• [Data records]:

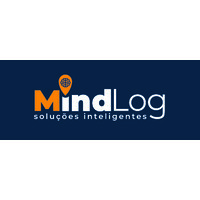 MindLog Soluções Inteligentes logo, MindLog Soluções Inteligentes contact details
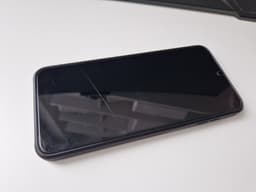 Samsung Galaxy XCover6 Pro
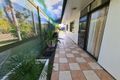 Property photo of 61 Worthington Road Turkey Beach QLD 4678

* * *

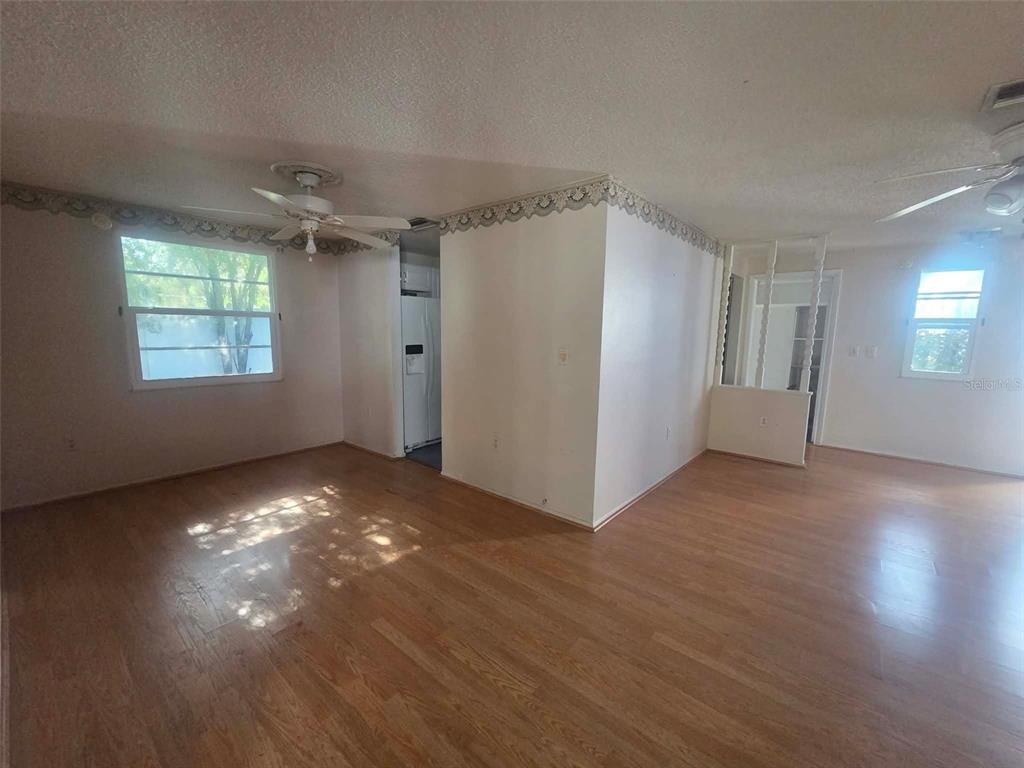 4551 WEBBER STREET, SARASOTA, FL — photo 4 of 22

• [Required action]: Exact copy, pictures excluded: from the line with "MindLog Soluções Inteligentes logo, MindLog" up to and including the line with "Property photo of" in the data above.

• [Your response]:
 MindLog Soluções Inteligentes logo, MindLog Soluções Inteligentes contact details
 Samsung Galaxy XCover6 Pro
 Property photo of 61 Worthington Road Turkey Beach QLD 4678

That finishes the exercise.